Strong Centralized Hybrid
Like a centralized structure, a single organizational data science leadership team sets the organizational data science strategy. Its management team serves as functional managers to hire, develop, and promote data scientists. Sister (or embedded) teams of engineers enable production deployment. However, the data scientists are assigned to (and might even sit with) various business units and focus on the same domain-specific problems. Breath of knowledge can be gained by rotating data scientists among the various centralized sub-teams. In short, the organization gets a centralized infrastructure, a common data science strategy, and effective talent management, and the business units get somewhat dedicated teams who are knowledgeable about their specific needs.

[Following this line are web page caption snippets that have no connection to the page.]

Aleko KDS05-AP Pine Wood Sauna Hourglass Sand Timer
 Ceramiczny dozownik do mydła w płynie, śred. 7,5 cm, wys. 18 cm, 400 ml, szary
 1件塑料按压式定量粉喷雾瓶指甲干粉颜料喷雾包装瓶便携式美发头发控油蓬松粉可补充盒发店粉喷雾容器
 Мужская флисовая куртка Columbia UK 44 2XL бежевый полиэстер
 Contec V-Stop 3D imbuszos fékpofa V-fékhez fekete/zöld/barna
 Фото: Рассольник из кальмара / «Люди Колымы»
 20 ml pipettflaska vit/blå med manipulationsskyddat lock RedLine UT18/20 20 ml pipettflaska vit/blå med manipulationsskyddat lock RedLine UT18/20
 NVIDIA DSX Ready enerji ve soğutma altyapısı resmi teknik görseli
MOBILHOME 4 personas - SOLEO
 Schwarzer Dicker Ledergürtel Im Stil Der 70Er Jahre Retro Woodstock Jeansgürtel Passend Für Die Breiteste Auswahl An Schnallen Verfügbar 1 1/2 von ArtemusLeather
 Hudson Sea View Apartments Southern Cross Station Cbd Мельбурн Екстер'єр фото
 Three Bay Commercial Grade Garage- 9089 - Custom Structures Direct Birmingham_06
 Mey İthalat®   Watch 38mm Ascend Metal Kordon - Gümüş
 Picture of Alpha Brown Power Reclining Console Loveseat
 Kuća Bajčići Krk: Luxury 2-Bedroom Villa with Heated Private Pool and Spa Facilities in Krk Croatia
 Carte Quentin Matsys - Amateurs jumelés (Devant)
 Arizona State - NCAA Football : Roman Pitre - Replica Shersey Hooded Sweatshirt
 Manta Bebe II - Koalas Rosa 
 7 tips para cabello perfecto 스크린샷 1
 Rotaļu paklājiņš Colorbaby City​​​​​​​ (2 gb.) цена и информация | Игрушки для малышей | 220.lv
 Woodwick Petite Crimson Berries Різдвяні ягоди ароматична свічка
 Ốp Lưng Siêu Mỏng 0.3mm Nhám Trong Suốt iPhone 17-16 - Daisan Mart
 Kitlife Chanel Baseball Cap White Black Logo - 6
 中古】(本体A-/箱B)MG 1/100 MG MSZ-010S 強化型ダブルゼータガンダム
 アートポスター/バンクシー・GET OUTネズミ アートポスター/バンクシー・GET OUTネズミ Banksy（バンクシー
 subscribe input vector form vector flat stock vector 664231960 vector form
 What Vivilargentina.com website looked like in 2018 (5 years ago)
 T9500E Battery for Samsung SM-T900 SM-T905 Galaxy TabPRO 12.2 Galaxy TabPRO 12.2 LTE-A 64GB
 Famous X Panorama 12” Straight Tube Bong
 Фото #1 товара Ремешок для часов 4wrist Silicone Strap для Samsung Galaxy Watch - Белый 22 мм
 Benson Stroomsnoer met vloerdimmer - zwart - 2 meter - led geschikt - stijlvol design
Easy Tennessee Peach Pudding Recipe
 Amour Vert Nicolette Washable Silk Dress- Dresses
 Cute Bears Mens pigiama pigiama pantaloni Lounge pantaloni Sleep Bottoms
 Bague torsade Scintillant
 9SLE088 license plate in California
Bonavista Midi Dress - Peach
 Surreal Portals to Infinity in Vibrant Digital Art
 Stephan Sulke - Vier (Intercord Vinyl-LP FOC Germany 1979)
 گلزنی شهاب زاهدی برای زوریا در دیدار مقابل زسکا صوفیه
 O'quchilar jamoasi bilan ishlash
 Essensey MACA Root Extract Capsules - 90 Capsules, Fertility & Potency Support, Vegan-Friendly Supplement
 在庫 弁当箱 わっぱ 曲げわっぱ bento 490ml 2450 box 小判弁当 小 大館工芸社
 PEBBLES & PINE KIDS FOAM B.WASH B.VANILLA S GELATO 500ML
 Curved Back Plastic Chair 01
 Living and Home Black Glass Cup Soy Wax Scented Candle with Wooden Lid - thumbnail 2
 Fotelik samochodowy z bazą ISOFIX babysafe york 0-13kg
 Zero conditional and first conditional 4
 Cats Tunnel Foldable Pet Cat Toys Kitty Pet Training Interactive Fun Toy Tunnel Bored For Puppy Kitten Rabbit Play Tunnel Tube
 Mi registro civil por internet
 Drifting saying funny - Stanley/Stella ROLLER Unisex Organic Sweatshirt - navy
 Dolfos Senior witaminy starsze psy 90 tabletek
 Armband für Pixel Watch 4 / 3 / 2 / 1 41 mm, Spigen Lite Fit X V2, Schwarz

The major downside is that communication overhead is higher and significant friction might pull data scientists in different directions if data science management and business management are not aligned.
Centralized Data Science Consultants
A more de-centralized hybrid has the data scientists report up through the business units. Meanwhile, a centralized data scientist leader or leadership team consults with the individual teams to encourage best practices and facilitate cross-departmental knowledge sharing. If empowered, such a central data science team could even set the organizational data science strategy; however, their ability to implement the strategy might be challenging without a dedicated team. This centralized team or a centralized project management office can manage the entire project life cycle up through productization. IT operations could maintain then deployed systems. In short, this compromise partially addresses the challenges from each centralized and de-centralized teams.
So…What works best?
The answer is highly dependent on the broader organizational structure. Centralized teams naturally work for organizations that might not be able to support multiple teams or when business units struggle to hire data scientists. However, their ability to respond to various domain-specific needs tends to wither as the organization grows which lends more toward a hybrid model or at least a stakeholder-focused and carefully coordinated centralized structure. The only structure I’d advise against is a pure decentralized model. The incremental cost of developing at least some sort of centralization effort pays for itself.